Book notes: reflecting Motown’s visual style has been the goal of various coffee-table volumes over the years, including The Motown Album (St. Martin’s Press, 1990) by an assembly of writers, and the French-language Motown Soul & Glamour by Florent Mazzoleni and Gilles Pétard (Le Serpent à Plumes, 2009). Then there’s (ahem) Motown: The Sound of Young America by yours truly with Barney Ales (Thames & Hudson, 2016), as well as two other T&H titles, Legacy by the Jacksons with Fred Bronson (2017) and Supreme Glamour by Mary Wilson with Mark Bego (2019).
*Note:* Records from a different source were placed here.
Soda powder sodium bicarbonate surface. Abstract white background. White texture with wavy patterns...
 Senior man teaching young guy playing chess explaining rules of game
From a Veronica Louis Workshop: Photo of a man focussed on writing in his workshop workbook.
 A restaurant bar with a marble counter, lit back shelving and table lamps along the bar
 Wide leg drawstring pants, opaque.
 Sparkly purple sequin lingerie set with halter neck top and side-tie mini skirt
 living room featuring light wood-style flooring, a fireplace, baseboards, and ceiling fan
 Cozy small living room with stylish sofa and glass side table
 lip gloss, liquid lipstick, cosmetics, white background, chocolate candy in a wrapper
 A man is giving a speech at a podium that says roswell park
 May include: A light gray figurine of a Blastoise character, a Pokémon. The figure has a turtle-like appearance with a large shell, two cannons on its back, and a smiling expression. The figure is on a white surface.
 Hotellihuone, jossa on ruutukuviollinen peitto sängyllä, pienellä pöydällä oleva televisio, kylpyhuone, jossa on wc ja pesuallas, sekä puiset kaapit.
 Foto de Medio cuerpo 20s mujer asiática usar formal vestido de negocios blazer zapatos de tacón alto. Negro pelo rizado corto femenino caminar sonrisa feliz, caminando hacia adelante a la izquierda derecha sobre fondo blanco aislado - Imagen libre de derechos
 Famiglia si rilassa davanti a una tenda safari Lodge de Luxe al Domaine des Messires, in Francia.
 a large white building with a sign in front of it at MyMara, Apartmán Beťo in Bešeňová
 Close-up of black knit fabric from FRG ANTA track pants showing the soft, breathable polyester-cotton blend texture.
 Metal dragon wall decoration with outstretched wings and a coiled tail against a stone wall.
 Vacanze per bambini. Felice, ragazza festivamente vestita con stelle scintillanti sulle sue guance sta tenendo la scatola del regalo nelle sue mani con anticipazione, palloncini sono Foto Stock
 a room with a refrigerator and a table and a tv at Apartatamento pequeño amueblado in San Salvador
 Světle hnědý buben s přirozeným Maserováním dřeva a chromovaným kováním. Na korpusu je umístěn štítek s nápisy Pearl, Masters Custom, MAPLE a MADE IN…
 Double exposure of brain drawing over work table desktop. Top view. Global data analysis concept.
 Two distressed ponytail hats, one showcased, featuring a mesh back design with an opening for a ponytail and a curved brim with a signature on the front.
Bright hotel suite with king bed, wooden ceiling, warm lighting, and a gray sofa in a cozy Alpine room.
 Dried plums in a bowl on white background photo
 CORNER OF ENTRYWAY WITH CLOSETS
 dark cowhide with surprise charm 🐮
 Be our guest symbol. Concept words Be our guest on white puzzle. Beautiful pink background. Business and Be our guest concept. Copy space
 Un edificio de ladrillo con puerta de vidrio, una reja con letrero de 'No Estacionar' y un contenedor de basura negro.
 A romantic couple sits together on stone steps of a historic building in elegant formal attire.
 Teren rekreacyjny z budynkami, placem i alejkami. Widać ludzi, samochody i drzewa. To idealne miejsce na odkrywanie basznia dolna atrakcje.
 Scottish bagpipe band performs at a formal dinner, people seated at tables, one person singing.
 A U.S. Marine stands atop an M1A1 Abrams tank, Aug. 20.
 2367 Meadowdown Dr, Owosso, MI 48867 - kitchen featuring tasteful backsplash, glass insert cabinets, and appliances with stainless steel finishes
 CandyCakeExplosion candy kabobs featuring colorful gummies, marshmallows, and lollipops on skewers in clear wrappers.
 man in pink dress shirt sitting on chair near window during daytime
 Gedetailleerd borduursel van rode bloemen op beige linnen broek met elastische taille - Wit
The work of Jim Britt appears in his own Photos and Stories Volume 1: From Nightclubs to Motown, published last year. Photos taken by the above-mentioned Weldon McDougal appear in Motown: The Golden Years by Bill Dahl (Krause, 2001), while Motown: The History by Sharon Davis (Guinness, 1988) similarly spans Hitsville’s chronology. Veteran snapper Bruce A. Talamon outweighs the competition – literally – with his voluminous Soul R&B Funk (Taschen, 2018), which features many images of Motown royalty as well as other stars.